Reducing the need for hypersonic tunnel testing


Fielding a hypersonic missile that can cull oxygen from the air for propulsion would mark a dramatic turn in the U.S. and allied race to master hypersonic weaponry. Crafting such designs has proved challenging largely because the physics are not well understood and designs can’t be easily tested in wind tunnels. Keith Button spoke to researchers who think they have a solution.

On its way to a target, an air-breathing hypersonic missile would need to plow through air of varying densities, temperatures and chemistries, compressing the air by forcing it into a narrow passage to provide oxygen for combustion. Scientists know from the brief experimental flights so far that the interactions with the air can result in strange phenomena. At about Mach 7, for instance, the bow shock from such a missile would begin to ignite the air in front of it, and by Mach 10, the air would be fully ignited.

Predicting how particular hypersonic designs will fare in such conditions has proved challenging, partly because of the limits of wind tunnel testing on physical models.
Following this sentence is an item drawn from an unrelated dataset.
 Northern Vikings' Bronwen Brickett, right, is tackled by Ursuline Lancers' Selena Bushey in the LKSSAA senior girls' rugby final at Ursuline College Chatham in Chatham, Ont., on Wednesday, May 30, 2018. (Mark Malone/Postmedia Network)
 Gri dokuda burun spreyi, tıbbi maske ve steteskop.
Hypersonic flows can generally only be achieved for fractions of a second due to the huge tanks of air required, and even then, scientists have more than a need for speed. They need to know if control and combustion can be maintained in the thinner, colder, calmer air at high altitudes and in the thicker, warmer, more disturbed air at lower altitudes, for instance. The trouble is that some wind tunnels have particular strengths, and no single wind tunnel test anywhere can replicate all the characteristics of the medium. So successions of tests must be run.

“Whenever you check one box, another box gets unchecked,” says hypersonics researcher Carlo Scalo, an associate professor of aeronautical and astronautical engineering at Purdue University in Indiana. The unchecked box requires a separate test, sometimes at a different facility.

These limits are one reason why air-breathing hypersonic missiles have yet to be fielded by China, Russia or the United States, despite the military value of speeding faster than traditional cruise missiles without having to initially fly to suborbital space, as boost-glide hypersonic missiles must.

Of special concern are the controllability of such a missile and the performance of the flow path. Firing up a supersonic combustion ramjet, or scramjet, and keeping the engine lit is like holding “a candle in a hurricane that’s about 10 to 15 times faster than the fastest hurricane you can imagine,” says Anand Veeraragavan, associate professor and co-director of the Centre for Hypersonics at the University of Queensland in Australia.

The solution, a team of U.S. Navy-funded researchers say, could lie in developing a single computational model that accurately reflects key characteristics of the air flow, including its density, chemistry and temperature, so that performance of a scramjet design can be predicted. Such a model would reduce but never eliminate the need for wind tunnel testing.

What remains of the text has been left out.